What is required
Transcribe each entry exactly; skip the images.

Data for the task
◇ ◇ ◇

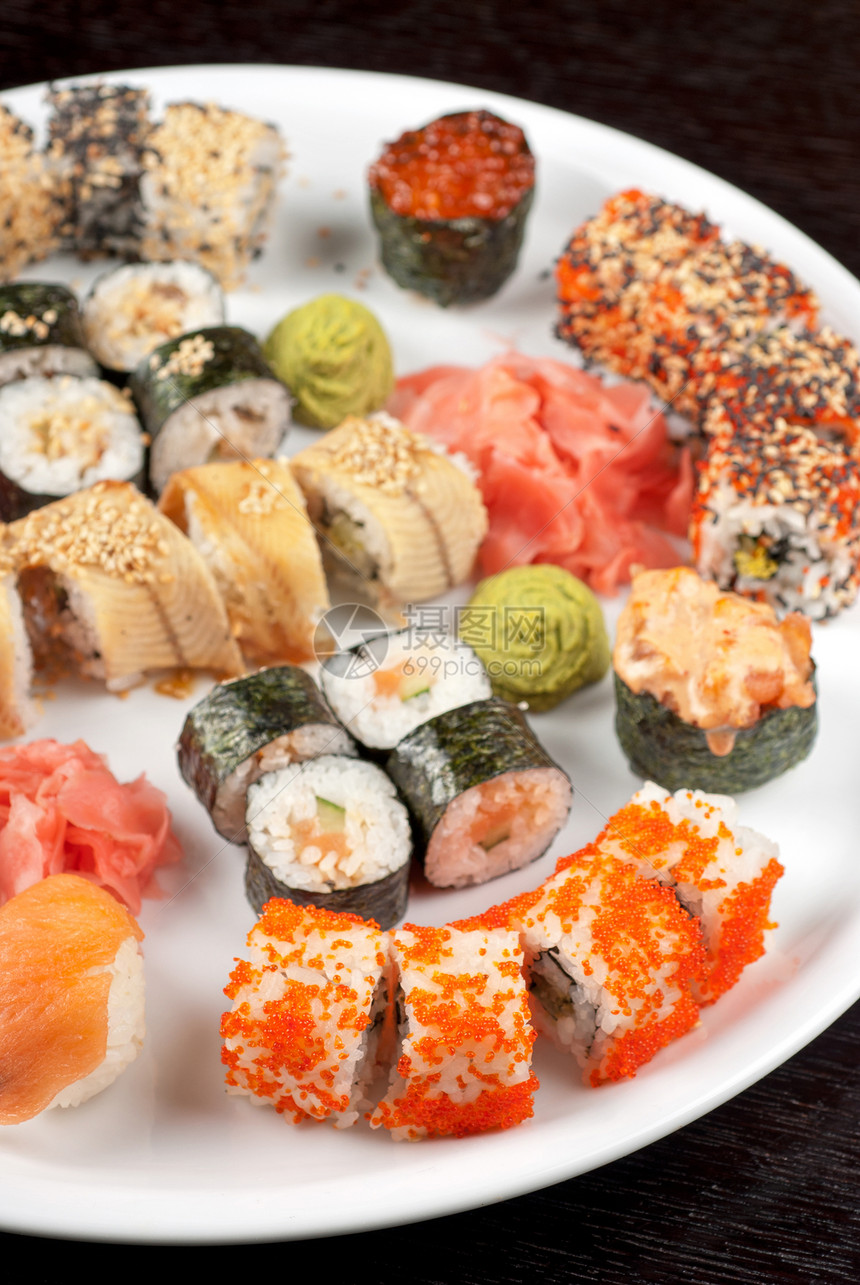 寿司成套熏制食物小吃传统鱼子美食情调美味厨房异国图片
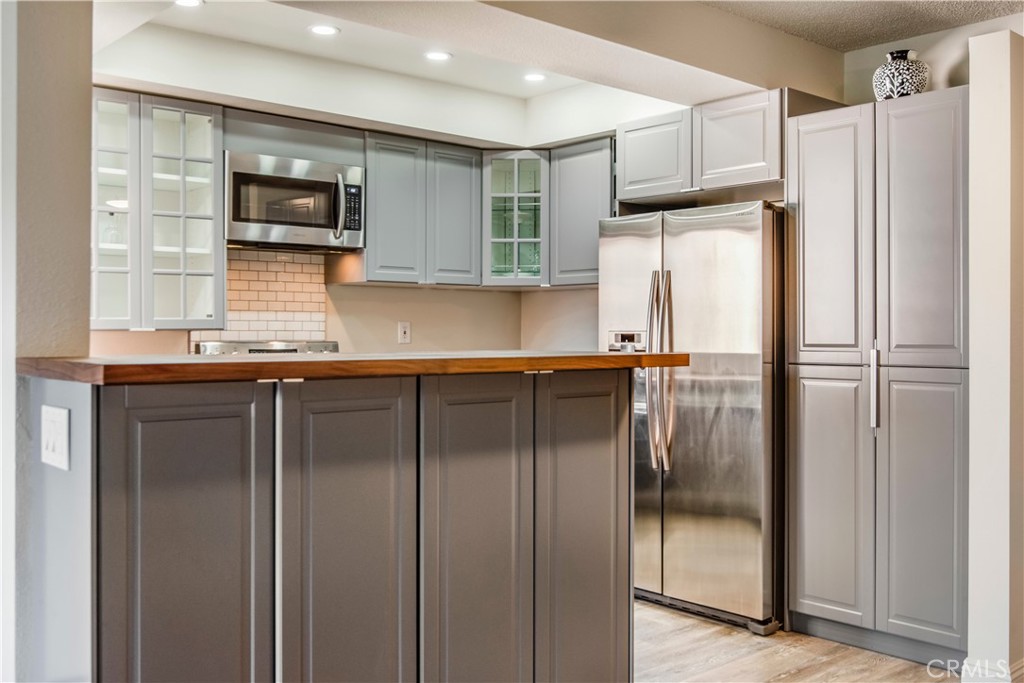 5937 Armaga Spring Road O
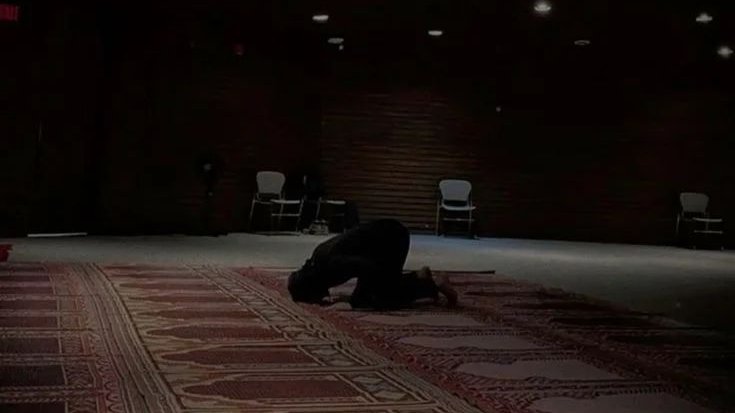 every muslim knows: the closest you are to allah is when your forehead hits the ground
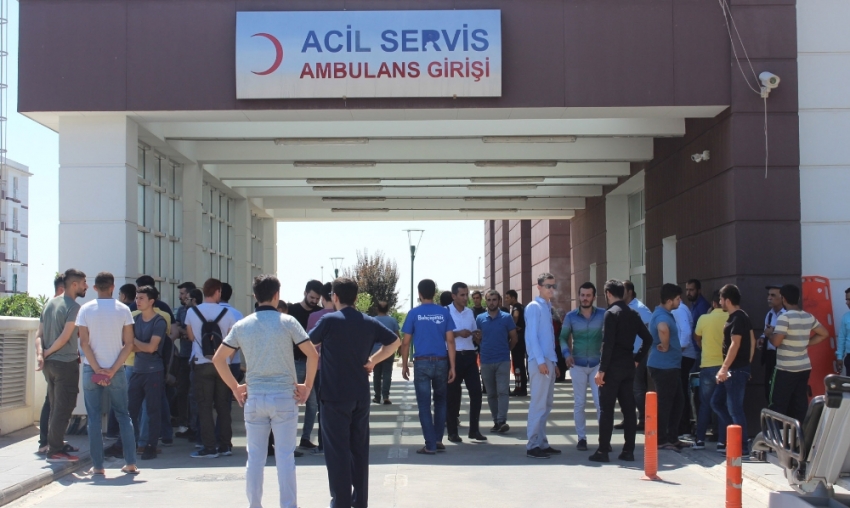 Vatandaşlar yaralı askerlere kan vermek için hastaneye akın ettiv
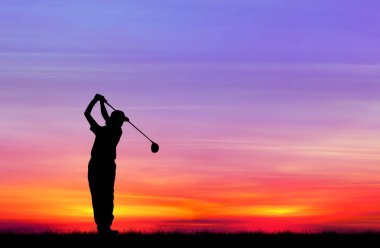 güzel gün batımı sırasında Golf oynarken siluet golfçü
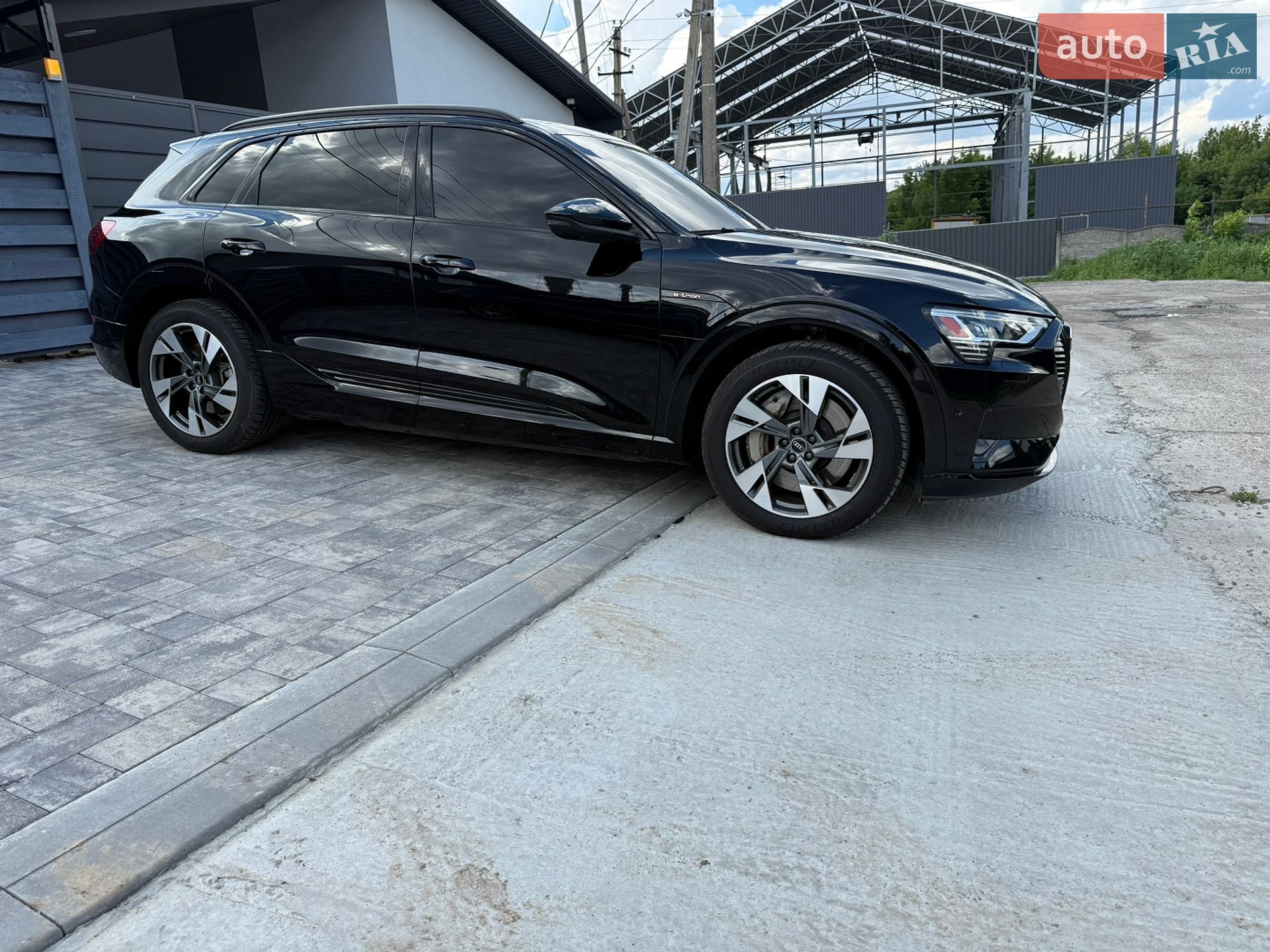 Audi e-tron 2021 VIN WA1AAAGE3MB024869 фото оголошення 2 з 13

◇ ◇ ◇

Answer area
 寿司成套熏制食物小吃传统鱼子美食情调美味厨房异国图片
 5937 Armaga Spring Road O
 every muslim knows: the closest you are to allah is when your forehead hits the ground
 Vatandaşlar yaralı askerlere kan vermek için hastaneye akın ettiv
 güzel gün batımı sırasında Golf oynarken siluet golfçü
 Audi e-tron 2021 VIN WA1AAAGE3MB024869 фото оголошення 2 з 13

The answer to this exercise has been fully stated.